Almost everything in the preceding story is wrong, but I put it here to illustrate how the popular press saw Dr Kerr – a clown deserving an F- grade. In fact, it’s the lazy reporters who earn a big Fail.

Here’s another example:  National Geographic blunders portraying Dr Kerr in their 2006 documentary, Attack of the Killer Bee.  “Incredibly, nearly one trillion killer bees can all be traced back to just one man…”  [I’ll bet you know who they’re talking about.]  In Africa, says NG, Kerr “chose the best specimens he could find, but he noticed something disturbing.” (At this point, the actor playing Kerr gets stung on the finger and yelps “Ouch!” in pain. “Doctor Kerr was wrong. Very wrong. And the western hemisphere is still paying a steep price.”  This is verbiage that sells.

You should watch the first few minutes of the NG fantasy. The devilish portrayal of the black Africans who sold Kerr the ‘deadly’ bees is also vile National Geographic reporting, but that’s fodder for a whole different story. I have the video below queued up to start at 3 minutes – that’s where an actor playing Kerr gets ready to leave for Africa. Don’t bother to watch more than a minute of this.

The Killer Bees

Warwick Kerr was responsible for bringing African genetic stock to Brazil in 1956. As a geneticist, he wanted to improve the health and hardiness of the European honey bee which came from Portugal in 1834. That European strain was poorly adapted to the tropics, so the Italian honey bee (Apis mellifera ligustica) was imported in the 1880s, but it wasn’t much better. A few farmers and monks kept the languid bees, mostly to collect beeswax for church candles.

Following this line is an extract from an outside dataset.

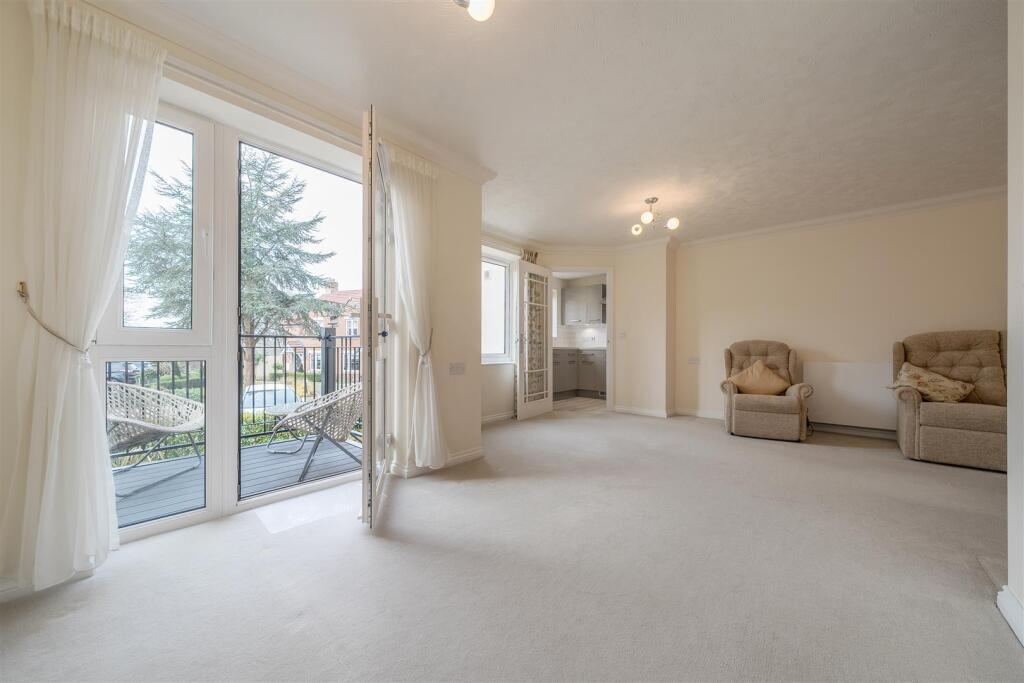 Additional image 5 of Alexandra Lodge, Thornbury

In 1956, Brazil’s annual honey production from the European honey bees was just 15 million pounds. Brazilian agriculture was expanding and needed a tropical honey bee for pollination and honey production. After the African bees arrived, Brazil’s beekeepers produced 110 million pounds. Brazil went from 43rd in the world to 7th largest honey producer. By 1994, L.A. Times headlined: “Brazil’s honey production has soared since the ornery invaders took over beekeepers’ hives”.  Today, most of the world’s organic honey is produced by Africanized honey bees in Brazil’s forests.

Honey bees with African genes are more aggressive than European bees. Beekeepers in Brazil had to learn appropriate management techniques. Although the venom is the same, more bees attack if their colony is disturbed. People have died from massive stings. Those deaths are sorrowful and this story about Dr Kerr’s bees should not dishonour personal tragedies. Some of the traits which make Africanized bees exceptional pollinators (refined olfactory sense, quicker movements, flights in inclement weather, superior navigation skills) also make them more likely to sting. However, they are managed by farmers and beekeepers.  Indiscriminate killers they are not.

Decoding sex among stingless bees

At first, Warwick Kerr worked with Melipona bees, not honey bees. Some of Brazil’s poor and indigenous were wild honey gatherers, or meleiros. Meleiro, isolated and rural, is named for the meleiros, who are named for Melipona honey trees. There are only 7,000 meleiros, but their precarious existence in the 1940s – which included raiding Melipona bee trees – concerned Dr Kerr during his bee research. He hoped that his work would draw attention to the importance of preserving Melipona and their habitat. Understand and help the Melipona, and you help the meleiros, figured Kerr.

Melipona q of the meleiros

Melipona quadrifasciata of the meleiros (João Henrique Dittmar Filho)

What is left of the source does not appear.